We had to leave our comfortable spot nestled in coffee country very early in the morning because we we had to drive through an area that was dealing with some disruptive protesting. There were people angry with the government and planned a protest that last year involved someone getting killed. So, they were being very cautious moving the tourists out of the area. We ended up being stopped at too many check points to count and witnessed a huge police presence, but other than that we avoided any issue.
Our destination for several days was Soans Farm, a farm run by two brothers and their families which was known for incredible pineapple juice. Incredible might not be a strong enough word to describe the pineapple juice they produce and sell at Soans. It is fresh, contains no water or sugar and is served very cold. Delicious!
brothers who run the farm are two interesting and engaging men who welcomed us onto their farm and into their home, educated us on the plants grown on the farm and provided very engaging conversation when they included us in high tea each afternoon.

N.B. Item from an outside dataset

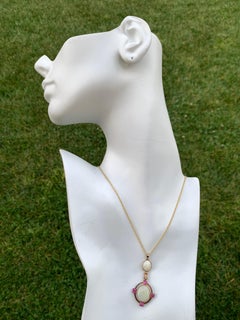 Retro Gold Pendant 10.50 Carat Natural White Cabochon Opal and Ruby Gem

Dr. Soans is a practicing doctor who studied at the University of Montana and worked summers at a sheep farm in Colorado. When he was not tending to his patients who stop by the farm to meet with him, he had time to chat with us. During one conversation with him he said, "That is cornier than Kansas in August!" Needless to say, we have been chuckling about that ever since.
Soans Farm is a farmstay where visitors stay with the family, eat on the farm and can learn more about the biodiversity. They had one cottage located in the middle of the pineapple fields where Kyle, dad and I stayed. We were the only visitors staying there and we stayed for several days.
We had our own kitchen, bedrooms, bathrooms and verandas. Each meal time, Dr. Soans' son rode a mo-ped up the long drive leading to our cottage and brought us
a traditional Indian meal.
We spent our days doing nothing but walking the fields, talking, relaxing, enjoying high tea and washing it all down with pineapple juice. At night, we listened to the call to prayer from the nearby mosques, the call of the many wild peacocks that scurried around the farm and the call of the jackals who came out at night.